■ **SUPPLIED RECORDS**
[Start of section]

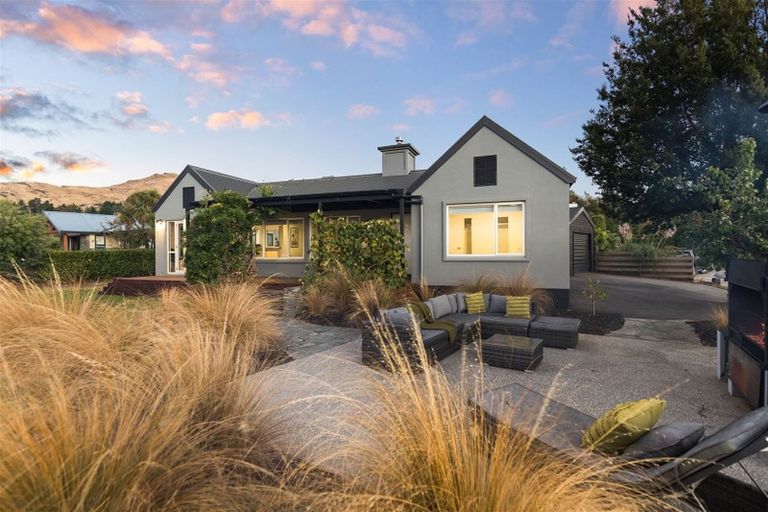 Photo of property in 33 Oregon Drive, Kelvin Heights, Queenstown, 9300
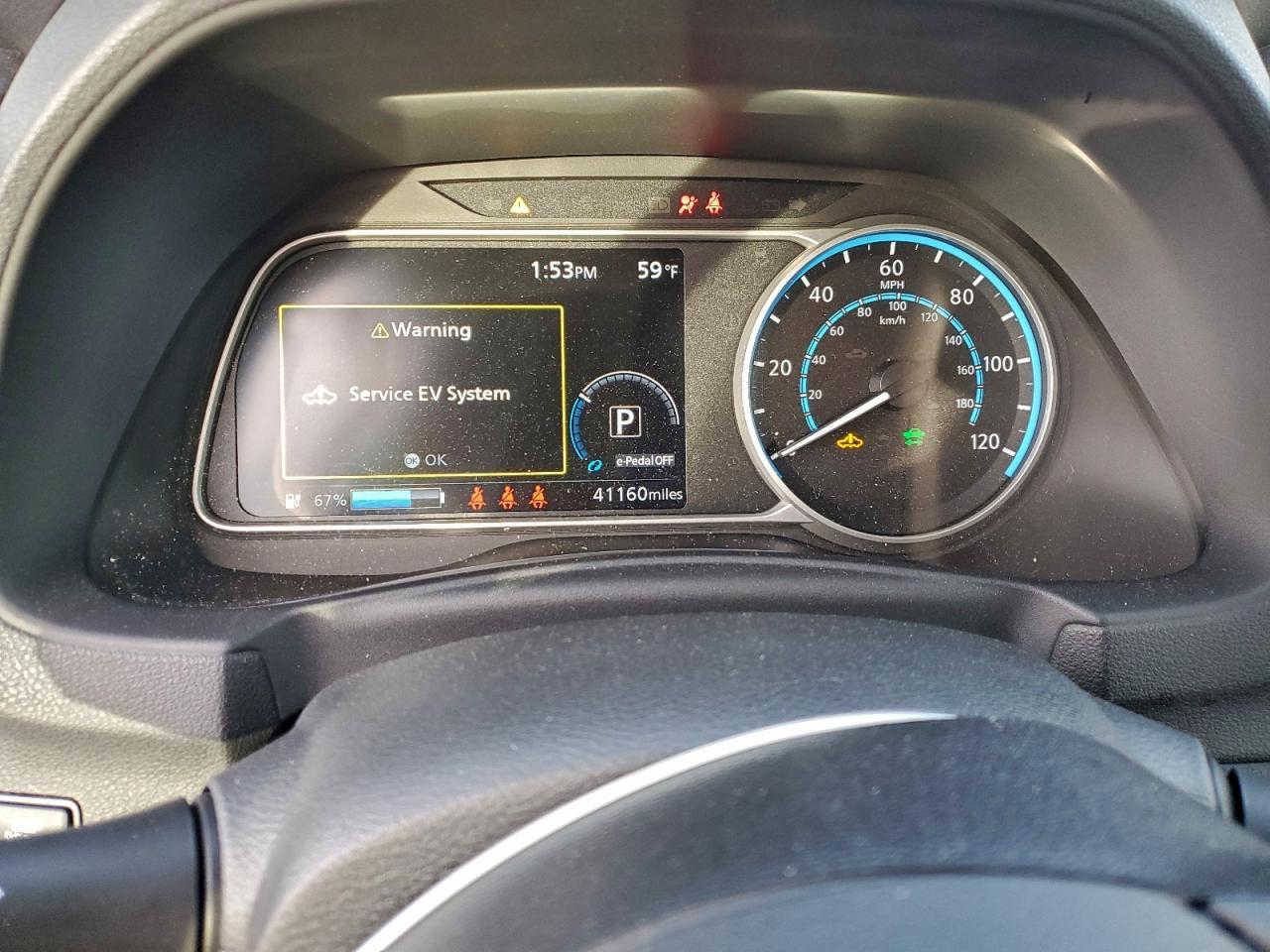2022 NISSAN LEAF
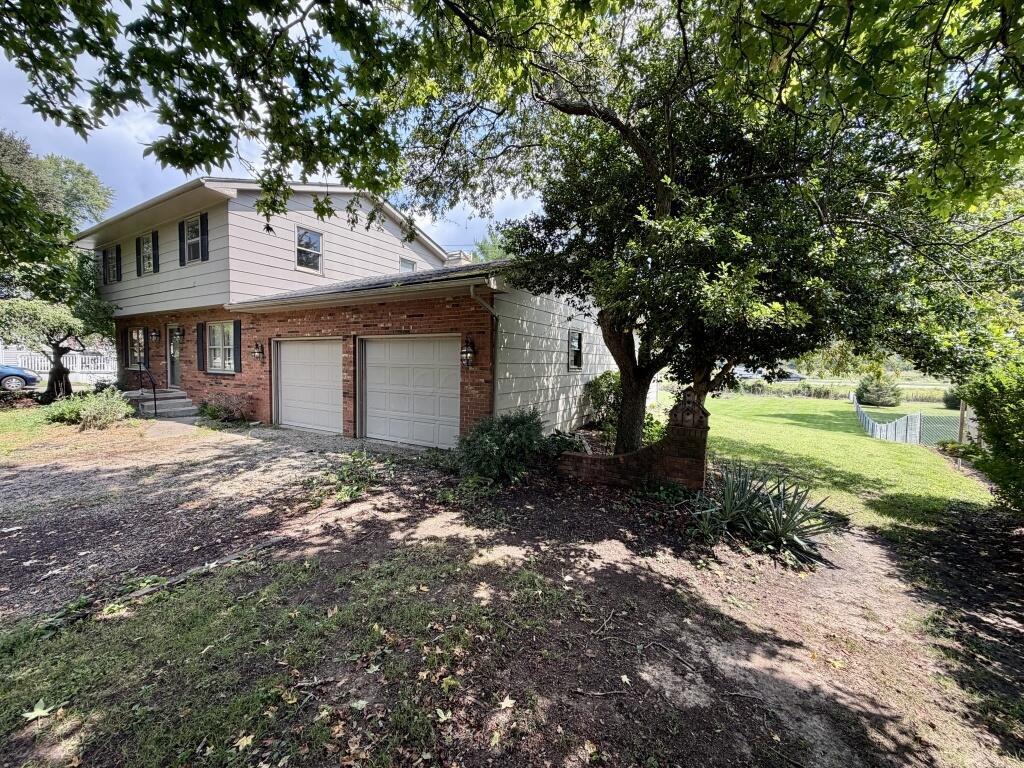 5724 Old Logan Road Se Property Photo 3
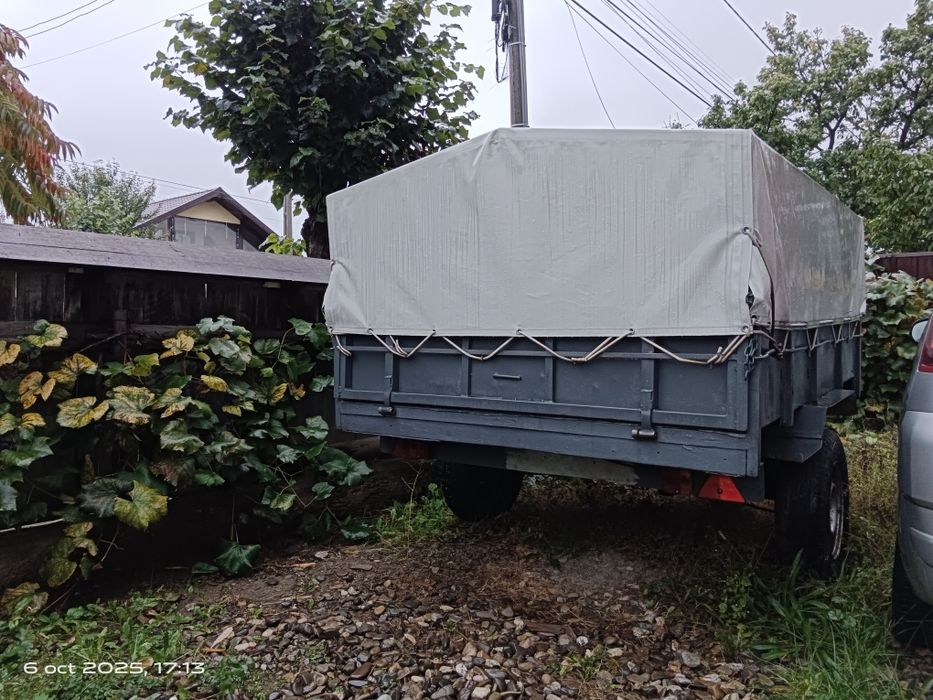 Remorcă auto 750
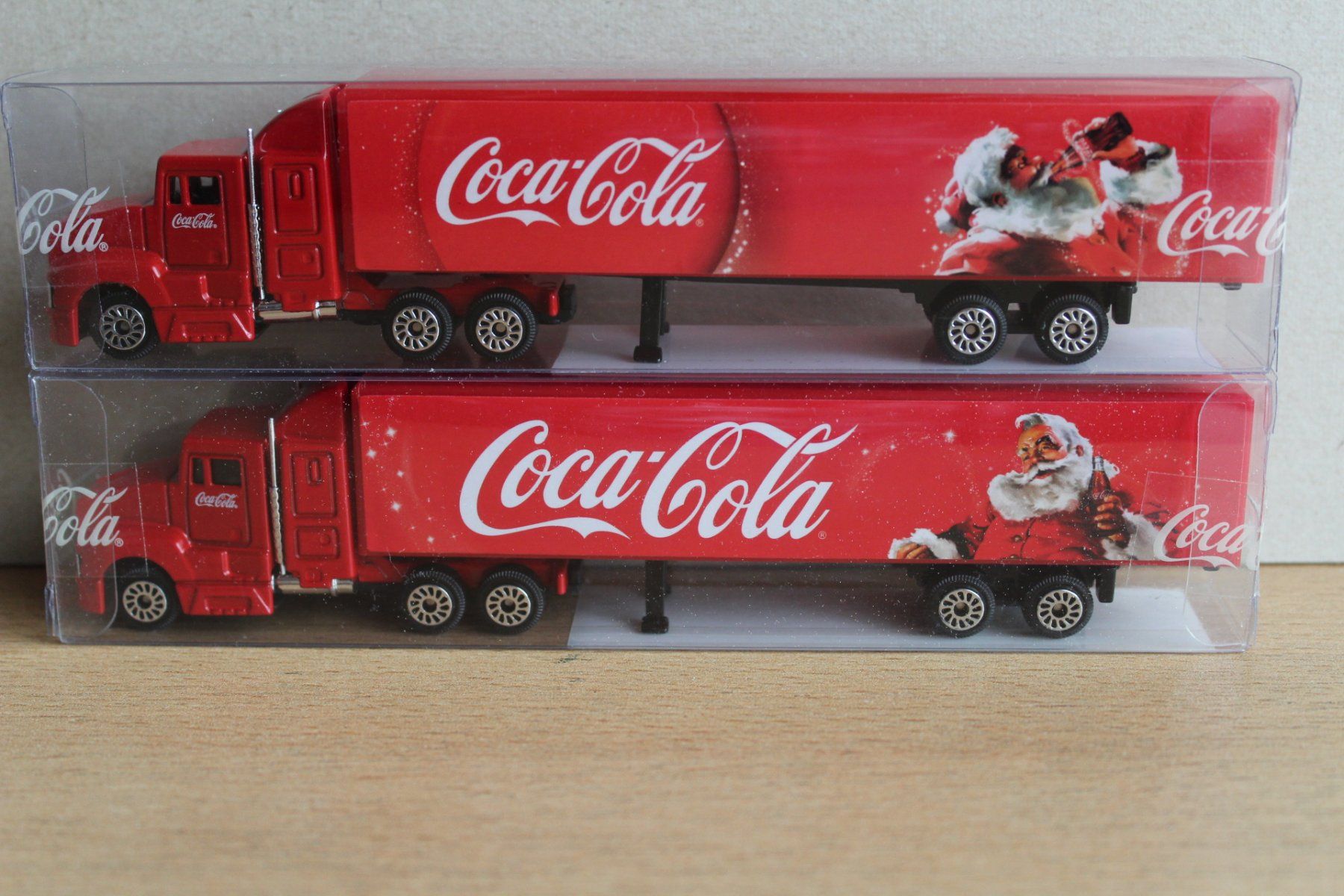 Kit di modellismo & Modellini statici: 2 COCA-COLA Trucks neu OVP – Nuovo e nell'imballaggio originale da Heimenschwand venduto da Aschi48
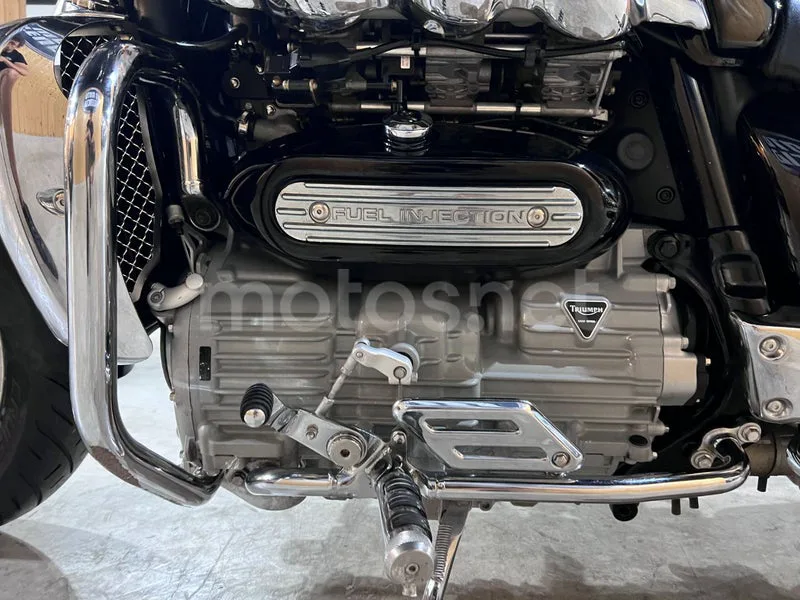 Triumph Rocket 3 - Vista 62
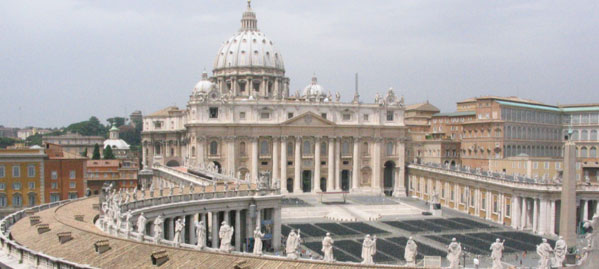 Ingressi Basilica di San Pietro senza coda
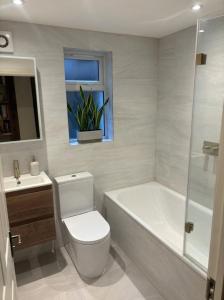 Promo Rate - Queens Park 1 Bedroom with Garden & Wi-Fi near Notting Hill & Little Venice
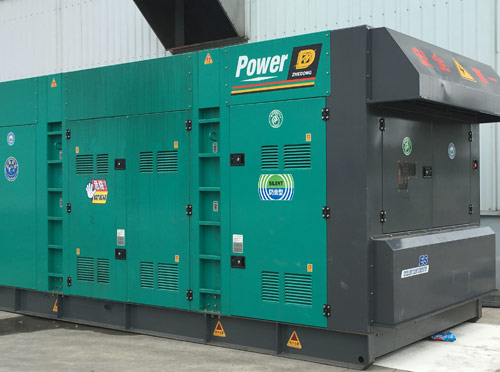 中方升级发电机组的过程中需要注意哪些安全事项？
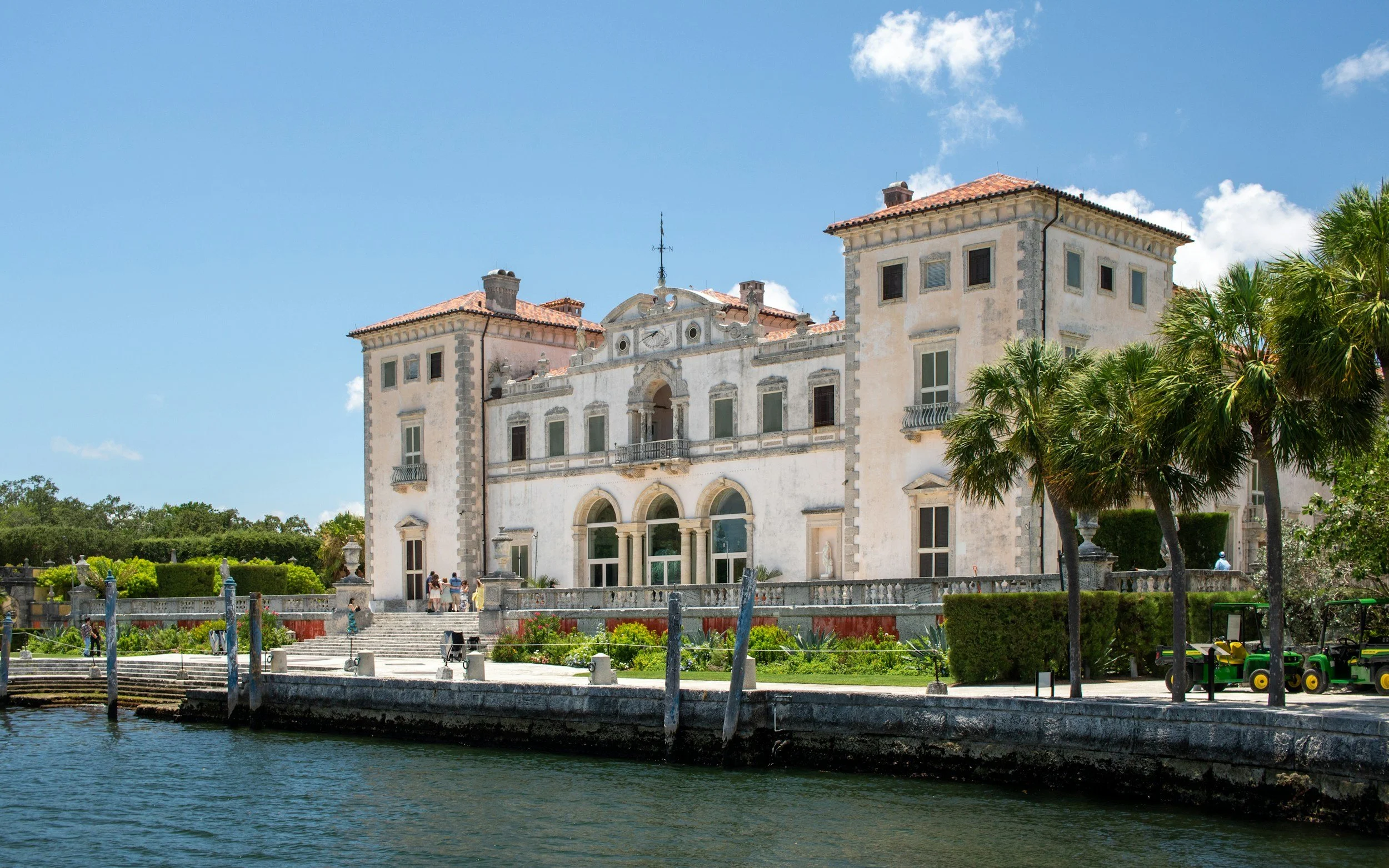 How Sarasota’s Luxury Communities Offer the Best Waterfront Living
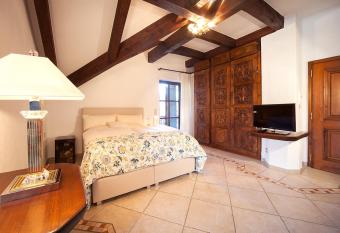 Romantik Villa has rooms with a private hot tub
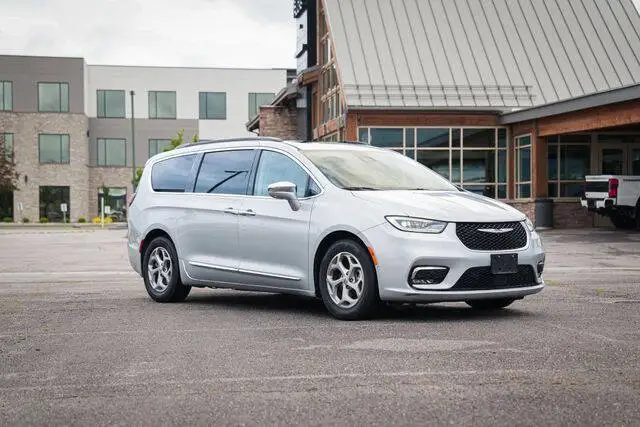 2022 Chrysler Pacifica Limited photo 1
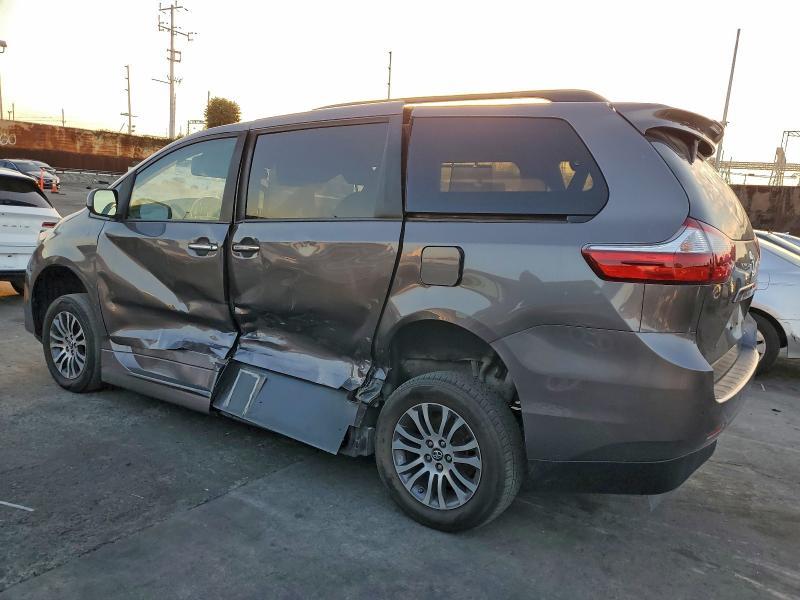 2019 Toyota Sienna xle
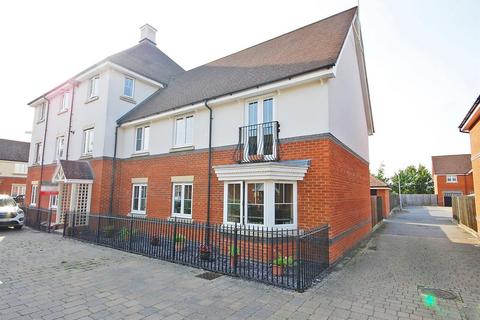 89 Shimbrooks, Great Leighs, Chelmsford, CM3 1SG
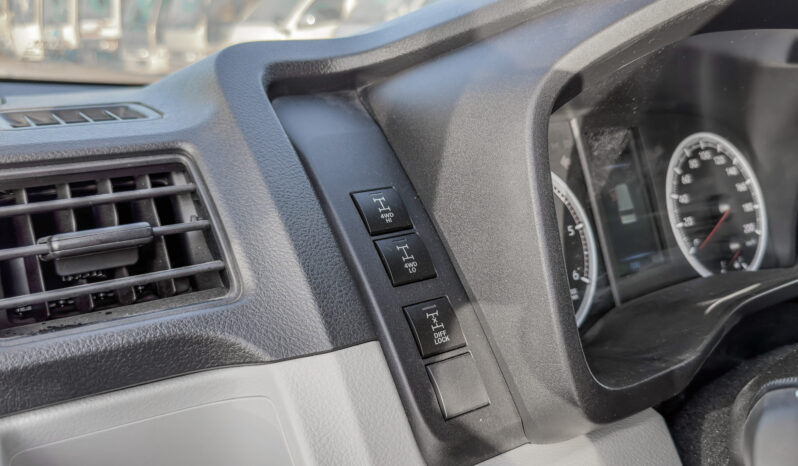 
								2026 Toyota Hiace 2.8L MT Diesel (White) Modified 4×4 full									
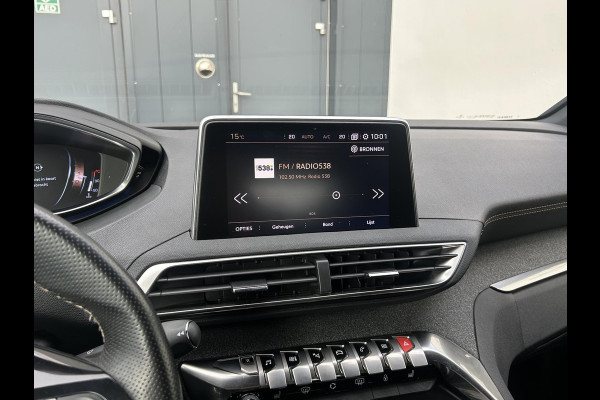 Peugeot 3008 1.2 PT 130 Allure | All season | Carplay | Trekhaak | Rijklaar incl. garantie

[End of section]

■ **WORK TO COMPLETE**
Return exactly what appears from the opening line of the material through the line with "Ingressi Basilica di San Pietro senza coda", apart from the pictures.

■ **SOLUTION**
 Photo of property in 33 Oregon Drive, Kelvin Heights, Queenstown, 9300
2022 NISSAN LEAF
 5724 Old Logan Road Se Property Photo 3
 Remorcă auto 750
 Kit di modellismo & Modellini statici: 2 COCA-COLA Trucks neu OVP – Nuovo e nell'imballaggio originale da Heimenschwand venduto da Aschi48
 Triumph Rocket 3 - Vista 62
 Ingressi Basilica di San Pietro senza coda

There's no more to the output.